I spent several weeks with my hands at the back of my daughter’s bike after the training wheels came off, feeling her wobble as I held on, trying to guide her, making sure she didn’t fall over. Sometimes it would work, and sometimes it wouldn’t. She’d be up—the bike would pull hard at my left or right side—then down she’d go. The wheels would move, but not quite fast enough for her to maintain her balance. I kept encouraging her to keep her legs moving—“Keep it going!” It was during these weeks that I taught my daughter Shachar, 6-years-old at the time, to ride a bike.
I found myself contemplating the bike riding lessons recently as my daughter finished high school and began to prepare for college. When I mentioned our lessons to Shachar (“Do you remember when I taught you to ride your bike?”) she remembered it as the time I taught her the word “momentum.” I had completely forgotten our battle cry. It had become a mantra for us: “Momentum! Momentum! Momentum!”
I remember standing at the corner of Shenandoah and Airdrome Streets, my hand on the back of her bike for just a moment.
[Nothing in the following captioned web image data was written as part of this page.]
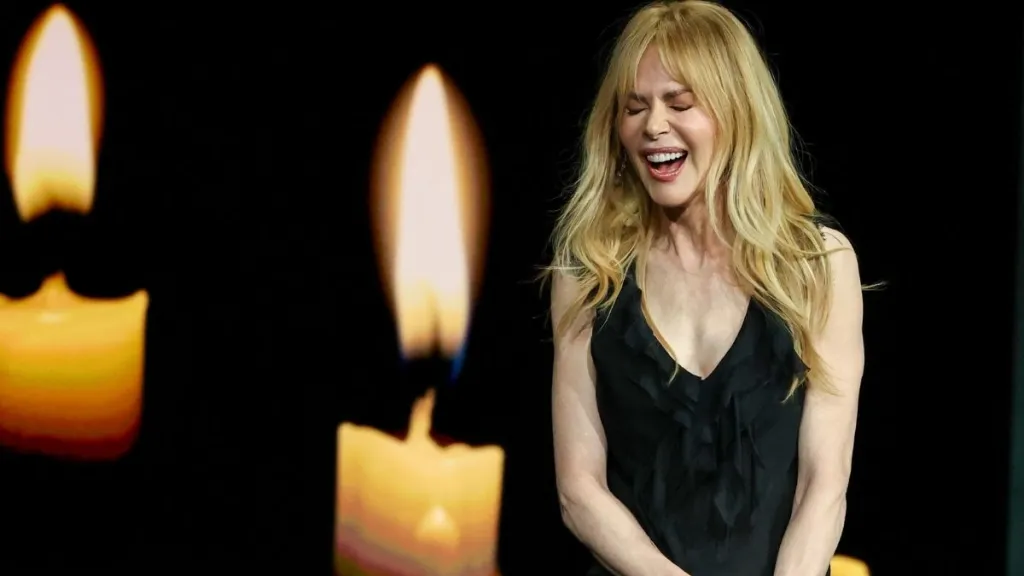 Nicole Kidman Puts on a Leggy Display in Ultra-Mini Dress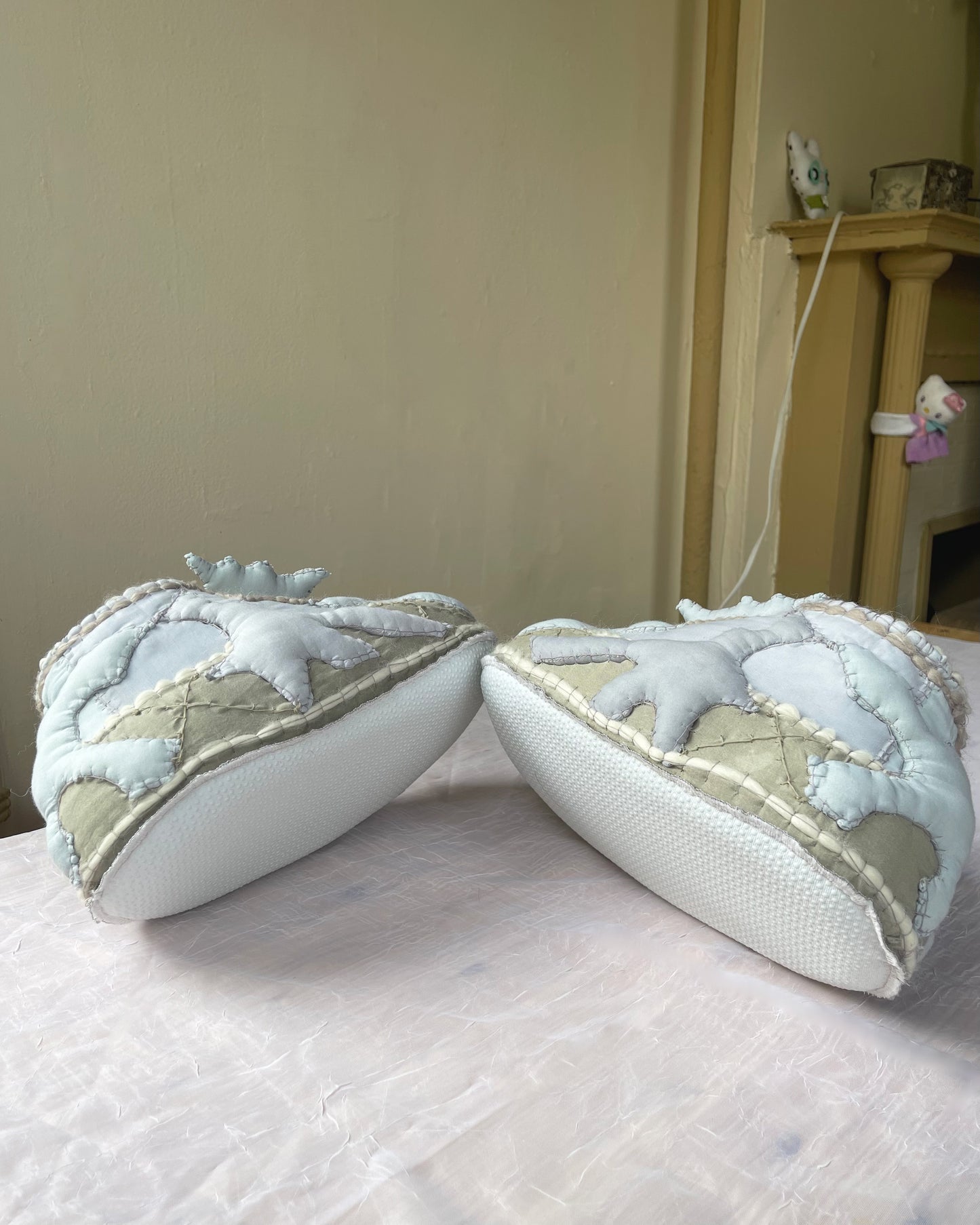 claw slippers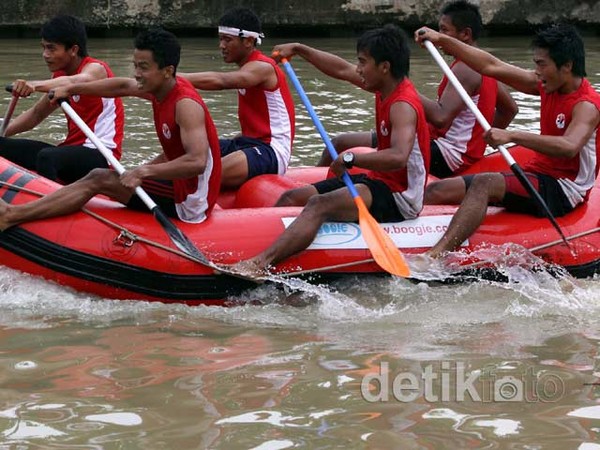 Diguyur Hujan Lomba Dayung Tetap  Meriah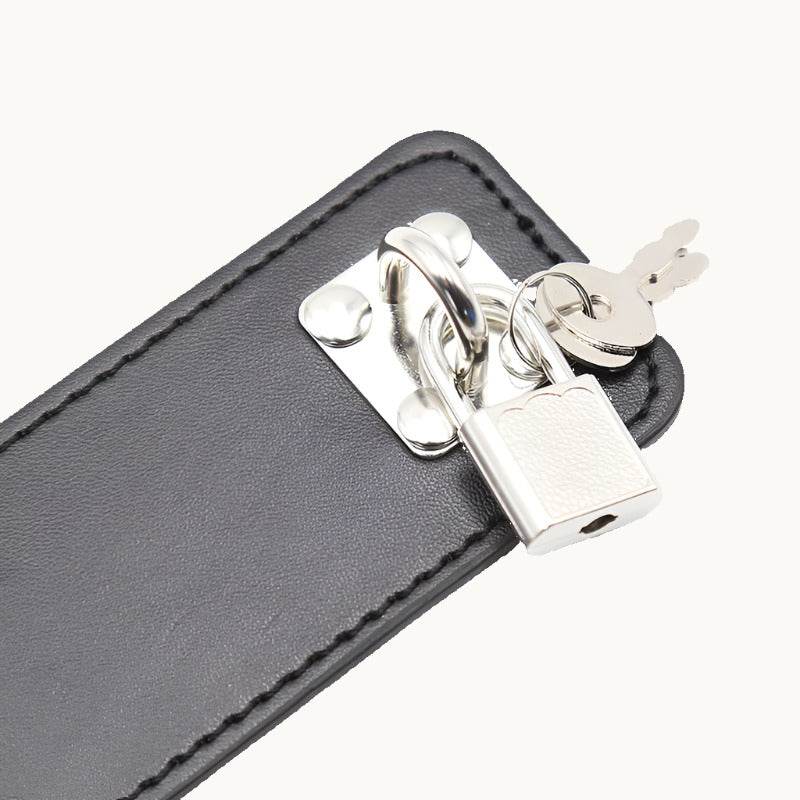 Adjustable Pinch Nipple Clamps w/ Leather Collar and Lock
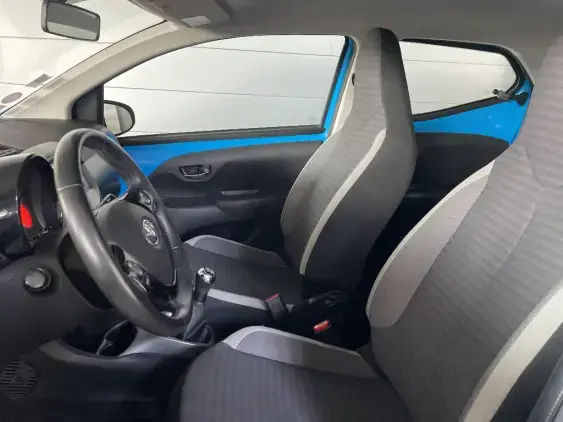 TOYOTA AYGO II - voiture d'occasion - Photo 17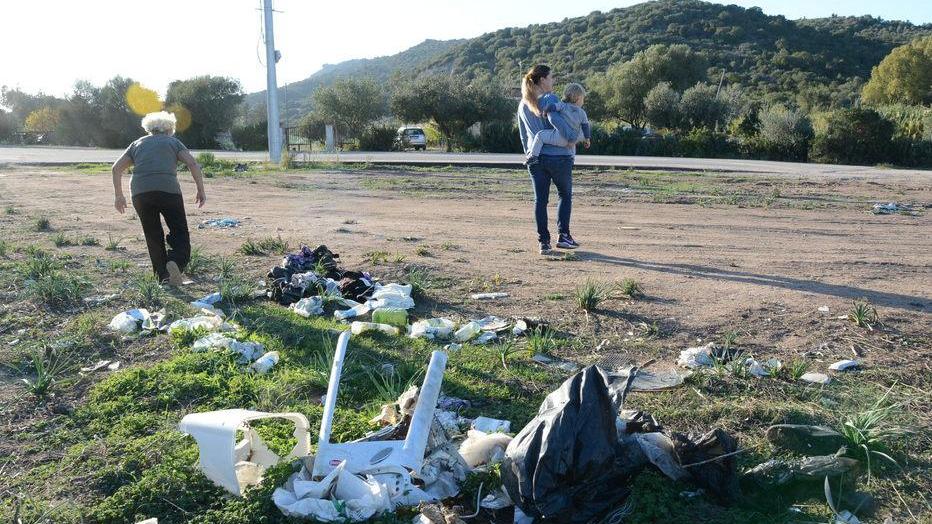 Cumuli di rifiuti, gli abitanti fanno pulizia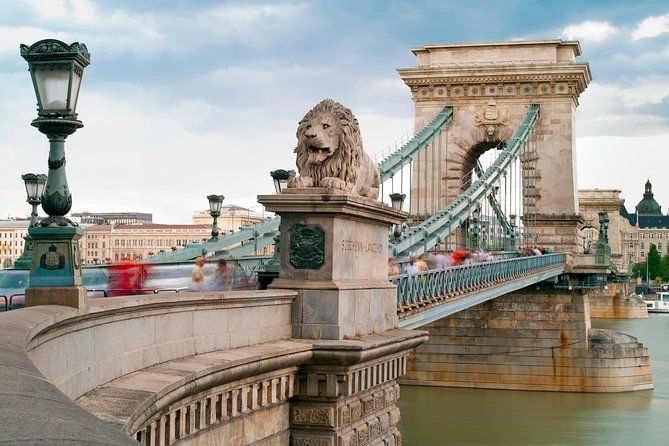 budapest-private-4-hour-walking-tour-with-a-local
I was probably yelling “Momentum!” Maybe we both were. And then, magically, there was no more pressure at the back of the bike at all. The bike was gone. And there she was, riding down the block—a tiny tilt to the left, a tiny tilt to the right, and then upright again. Tilt, tilt, upright. Tilt, tilt, upright. It was beautiful. Safe and steady. Just the right amount of momentum.
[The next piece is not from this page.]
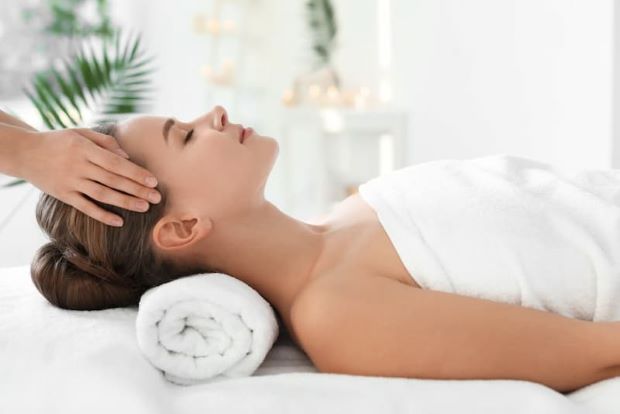 Massage đầu giúp bạn thư giãn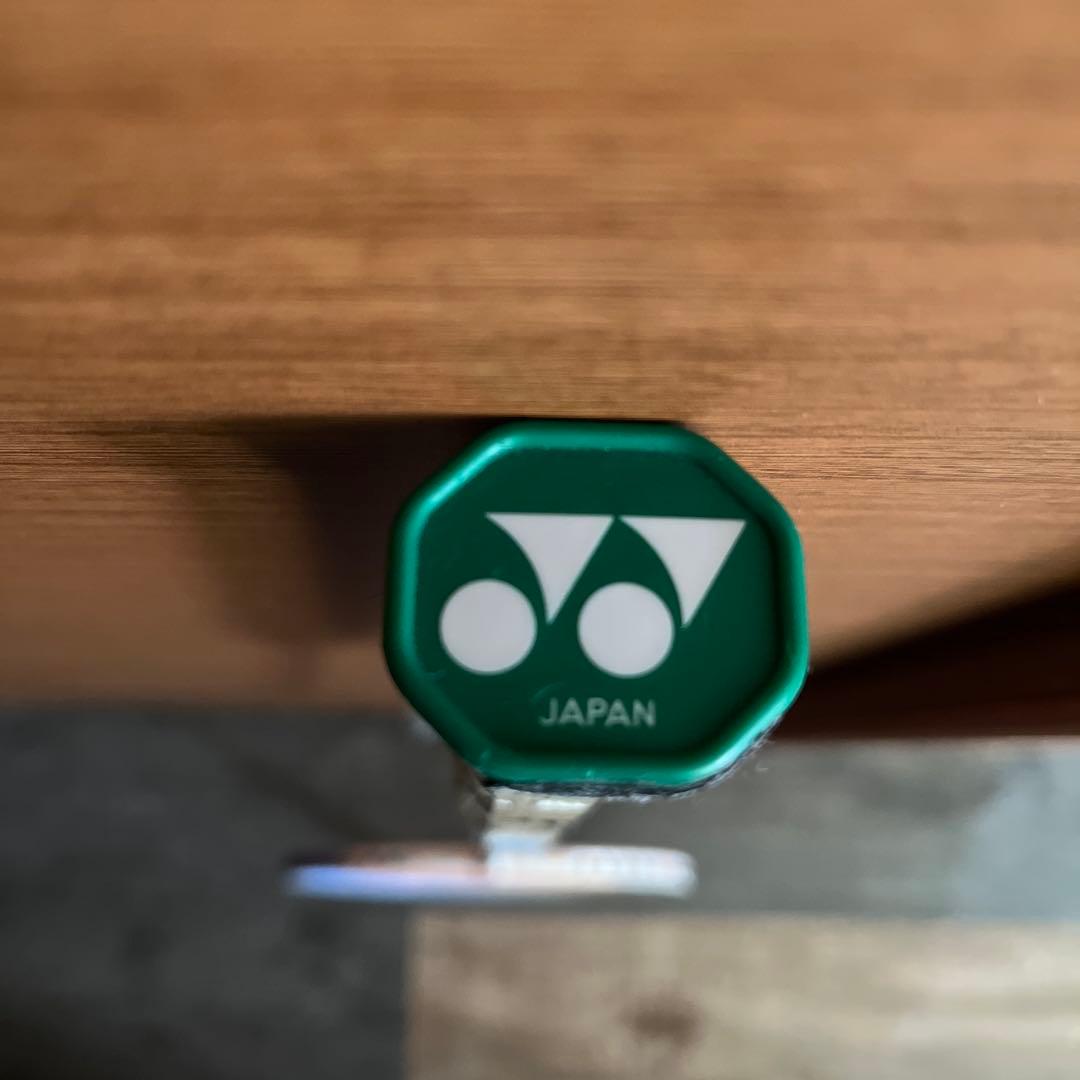 ASTROX70 バドミントンラケット ホワイト/ブルー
As she kept riding toward the end of the block, she got smaller and smaller, and I realized that I couldn’t catch up with her if I tried. I thought, “This is it. This is the way it goes. She learns something new, gets up, pumps and pedals, and eventually recedes into the distance. And this is the way it’s supposed to go. If all goes well, this will happen over and over again.”
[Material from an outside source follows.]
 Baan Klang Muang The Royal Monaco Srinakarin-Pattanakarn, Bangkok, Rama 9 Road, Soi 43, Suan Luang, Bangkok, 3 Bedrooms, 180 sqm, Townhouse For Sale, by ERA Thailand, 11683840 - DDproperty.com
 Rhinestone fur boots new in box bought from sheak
Over the past several years I’ve stood on the corner and watched her learn to navigate the rough pavement of high school—particularly the dreaded junior year. I’ve witnessed her ride down the road of her first real relationship—and back up the path of friendship following the break-up. I’ve watched as she’s developed her own path of leadership, and I’ve marveled at her organizational direction—which far outstrips both mine and my husband’s.
Now, almost 12 years after her first bike ride, Shachar readies herself for her next journey, this time eastward for college. My hand is still gently at her back as the training wheels come off this time: Making final doctor’s appointments, helping her identify things a person needs to survive a real winter, acting as sounding board as she considers how to keep her balance while getting as much as she can from her college experience. I believe we’re both ready for me to let go again. She has places to go and things to do. There are still plenty of text messages, occasional phone calls, and perhaps some snail mail every once in a while between us. And I’m looking forward to creating my own momentum; I have been spinning my wheels just enough to keep my balance (most of the time) and I’m ready to build my own speed.
From the corner of Shenandoah and Airdrome Streets, I watch Shachar once more recede into the distance, thinking to myself with bittersweet triumph: “Momentum! Momentum! Momentum!” I take a moment to absorb some of that energy, and then I get back to work.